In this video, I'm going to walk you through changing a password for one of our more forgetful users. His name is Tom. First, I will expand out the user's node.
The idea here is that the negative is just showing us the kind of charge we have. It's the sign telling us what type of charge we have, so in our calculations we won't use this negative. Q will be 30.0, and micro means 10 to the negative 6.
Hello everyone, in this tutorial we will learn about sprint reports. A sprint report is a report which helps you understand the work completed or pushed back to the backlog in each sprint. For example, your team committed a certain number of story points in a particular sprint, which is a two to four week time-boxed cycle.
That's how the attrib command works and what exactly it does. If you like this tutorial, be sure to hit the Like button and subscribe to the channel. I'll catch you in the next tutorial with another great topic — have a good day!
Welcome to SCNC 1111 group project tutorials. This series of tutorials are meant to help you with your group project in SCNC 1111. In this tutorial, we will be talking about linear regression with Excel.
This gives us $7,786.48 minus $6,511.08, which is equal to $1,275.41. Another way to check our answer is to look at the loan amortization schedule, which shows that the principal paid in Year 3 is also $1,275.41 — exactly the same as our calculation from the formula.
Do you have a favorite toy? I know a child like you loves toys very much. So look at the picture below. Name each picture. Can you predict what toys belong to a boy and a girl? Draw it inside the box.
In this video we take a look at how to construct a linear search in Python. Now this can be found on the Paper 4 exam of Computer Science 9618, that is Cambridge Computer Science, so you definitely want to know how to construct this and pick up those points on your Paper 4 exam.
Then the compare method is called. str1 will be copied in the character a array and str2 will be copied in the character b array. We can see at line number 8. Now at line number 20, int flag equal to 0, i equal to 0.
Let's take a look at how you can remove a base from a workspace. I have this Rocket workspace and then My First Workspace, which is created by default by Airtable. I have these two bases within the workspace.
######
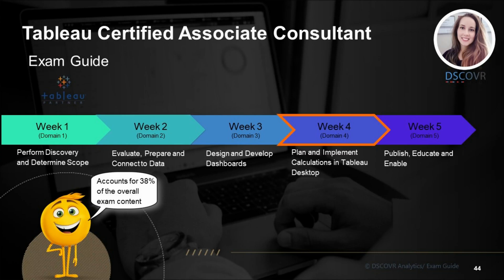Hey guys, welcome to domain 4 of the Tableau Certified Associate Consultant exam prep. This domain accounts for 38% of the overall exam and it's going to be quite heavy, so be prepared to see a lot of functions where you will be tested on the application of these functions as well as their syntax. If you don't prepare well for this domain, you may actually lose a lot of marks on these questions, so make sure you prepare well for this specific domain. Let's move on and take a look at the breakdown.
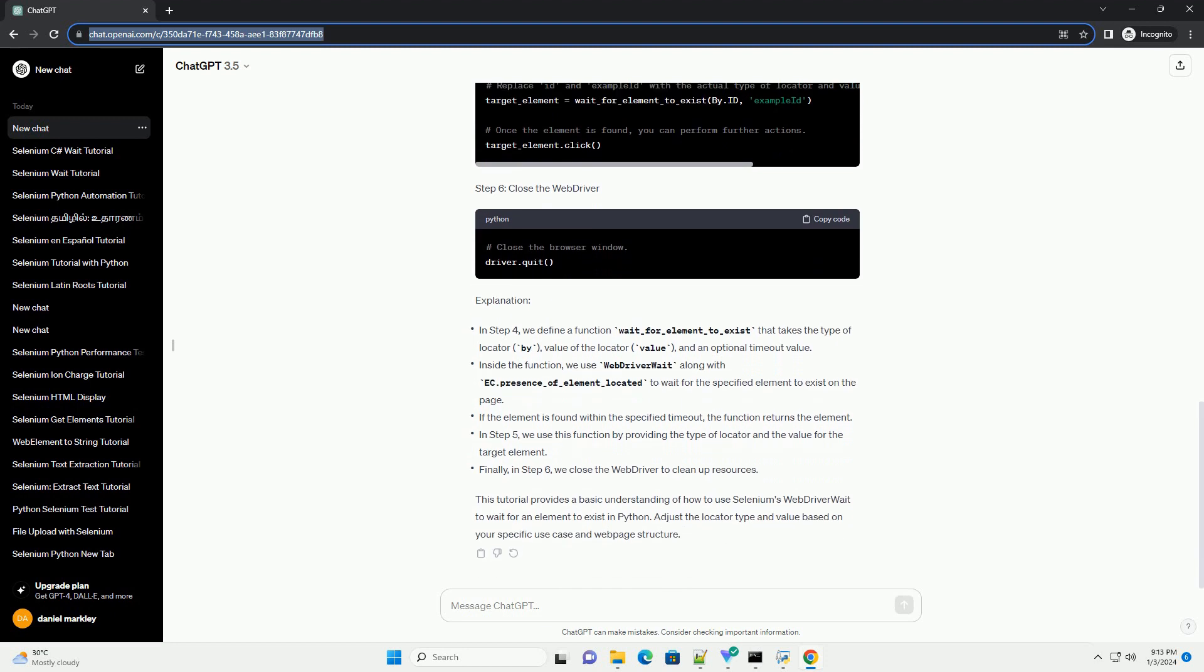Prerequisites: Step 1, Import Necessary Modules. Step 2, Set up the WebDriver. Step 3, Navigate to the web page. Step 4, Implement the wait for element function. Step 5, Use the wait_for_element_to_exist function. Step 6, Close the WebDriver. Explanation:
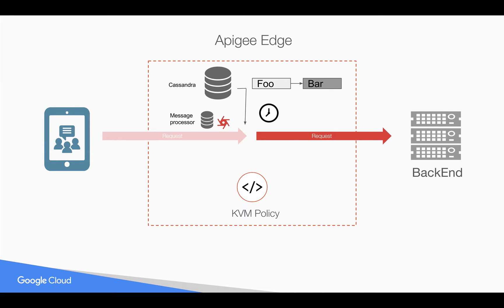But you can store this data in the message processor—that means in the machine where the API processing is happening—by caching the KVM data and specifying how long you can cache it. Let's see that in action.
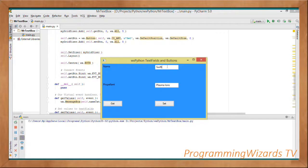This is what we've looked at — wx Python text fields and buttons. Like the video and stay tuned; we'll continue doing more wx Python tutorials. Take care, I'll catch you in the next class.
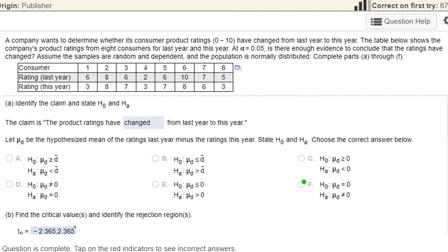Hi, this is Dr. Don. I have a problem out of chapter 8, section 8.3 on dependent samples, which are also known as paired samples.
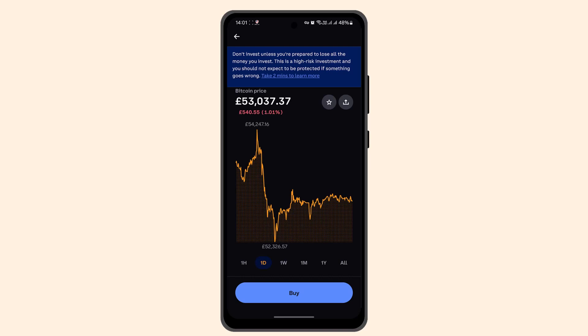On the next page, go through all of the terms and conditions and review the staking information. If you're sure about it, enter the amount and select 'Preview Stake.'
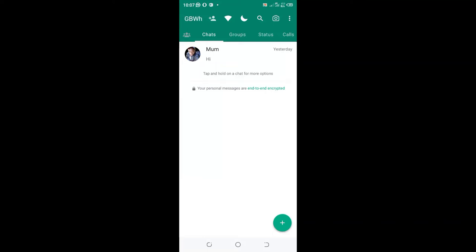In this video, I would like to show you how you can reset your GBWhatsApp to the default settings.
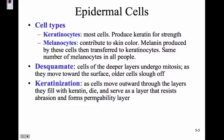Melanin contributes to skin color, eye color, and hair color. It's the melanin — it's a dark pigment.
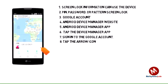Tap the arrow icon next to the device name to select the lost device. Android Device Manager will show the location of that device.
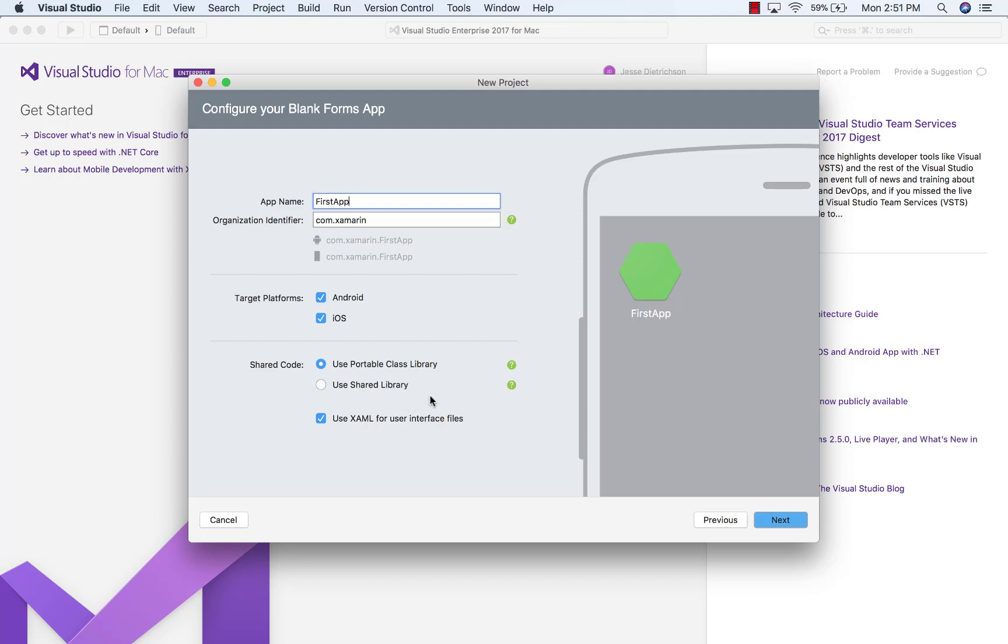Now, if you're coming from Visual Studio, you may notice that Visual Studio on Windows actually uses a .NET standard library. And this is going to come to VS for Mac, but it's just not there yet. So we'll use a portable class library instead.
######
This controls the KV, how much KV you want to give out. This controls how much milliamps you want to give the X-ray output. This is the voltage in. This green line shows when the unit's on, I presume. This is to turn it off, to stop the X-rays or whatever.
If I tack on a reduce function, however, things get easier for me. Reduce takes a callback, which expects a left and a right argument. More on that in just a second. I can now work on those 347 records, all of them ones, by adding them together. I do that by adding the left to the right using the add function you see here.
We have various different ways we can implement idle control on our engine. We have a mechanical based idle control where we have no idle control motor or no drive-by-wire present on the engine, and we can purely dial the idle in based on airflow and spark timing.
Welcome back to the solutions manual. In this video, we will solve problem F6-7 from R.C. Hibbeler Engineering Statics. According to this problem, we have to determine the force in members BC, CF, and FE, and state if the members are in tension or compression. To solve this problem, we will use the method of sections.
######
## EXERCISE
Restate the lines above from the one containing "Hi, this is" through the one containing "Tap the arrow", inclusive, exactly and without pictures.

## TASK SOLUTION
Hi, this is Dr. Don. I have a problem out of chapter 8, section 8.3 on dependent samples, which are also known as paired samples.
On the next page, go through all of the terms and conditions and review the staking information. If you're sure about it, enter the amount and select 'Preview Stake.'
In this video, I would like to show you how you can reset your GBWhatsApp to the default settings.
Melanin contributes to skin color, eye color, and hair color. It's the melanin — it's a dark pigment.
Tap the arrow icon next to the device name to select the lost device. Android Device Manager will show the location of that device.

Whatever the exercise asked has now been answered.